Some calculators (discrete and Gaussian) overload the method computeSignificance() (without an input argument) to return an object encapsulating an analytically determined p-value of surrogate distribution where this is possible for the given estimation type (see Section S.1.5 in Supplementary Material). The availability of this method is indicated when the calculator implements the AnalyticNullDistributionComputer interface.

4.1.5. Ensemble approach: using multiple trials or realizations to construct PDFs

Now, the use of setObservations() for continuous estimators implies that the PDFs are computed from a single stationary time-series realization. One may supply multiple time-series realizations (e.g., as multiple stationary trials from a brain-imaging experiment) via the following alternative calling pattern to line 8 in Listing 3:

Listing 6. Supply of multiple time-series realizations as observations for the PDFs; an alternative to line 8 in Listing 3. Code is adapted from Example7EnsembleMethodTeContinuousDataKraskov.java.
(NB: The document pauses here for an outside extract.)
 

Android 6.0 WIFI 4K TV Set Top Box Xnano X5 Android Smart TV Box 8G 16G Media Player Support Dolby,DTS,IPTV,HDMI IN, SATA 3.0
teCalc.startAddObservations(); teCalc.addObservations(sourceArray1, destArray1); teCalc.addObservations(sourceArray2, destArray2); teCalc.addObservations(sourceArray3, destArray3); // ... teCalc.finaliseAddObservations();

Computations on the PDFs constructed from this data can then follow as before. Note that other variants of addObservations() exist, e.g., which pull out sub-sequences from the time series arguments; see the Javadocs for each calculator to see the options available. Also, for the discrete estimators, addObservations() may be called multiple times directly without the use of a startAddObservations() or finaliseAddObservations() method. This type of calling pattern may be used to realize an ensemble approach to constructing the PDFs (see Gomez-Herrero et al. (2010), Wibral et al. (2014b), Lindner et al. (2011), and Wollstadt et al. (2014)), in particular, by supplying only short corresponding (stationary) parts of each trial to generate the PDFs for that section of an experiment.
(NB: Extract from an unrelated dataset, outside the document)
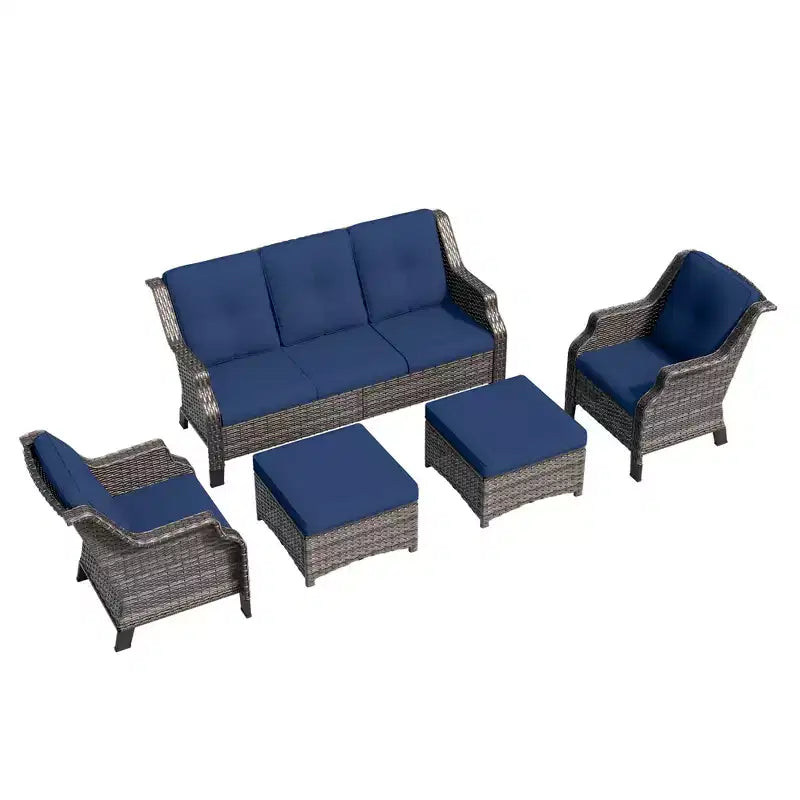 Ensemble de conversation d'extérieur modulaire UPTIOT 5 pièces pour terrasse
4.1.6. Joint-variable measures on multivariate discrete data

For calculations involving joint variables from multivariate discrete data time-series (e.g., collective transfer entropy, see Section S.1.2 in Supplementary Material), we use the same discrete calculators (unlike the case for continuous-valued data in Section 4.1.7). This is achieved with one simple pre-processing step, as demonstrated by Example5TeBinaryMultivarTransfer.java:

Listing 7. Java source code adapted from Example5TeBinaryMultivarTransfer.java.

int[][] source, dest; // ... // Import binary values into the arrays, // with two columns each. // ... TransferEntropyCalculatorDiscrete teCalc = new TransferEntropyCalculatorDiscrete(4, 1); teCalc.initialise(); teCalc.addObservations( MatrixUtils.computeCombinedValues(source, 2), MatrixUtils.computeCombinedValues(dest, 2)); double result = teCalc.computeAverageLocalOfObservations();

We see that the multivariate discrete data is represented using two-dimensional int [][] arrays at line 1, where the first array index (row) is time and the second (column) is variable number.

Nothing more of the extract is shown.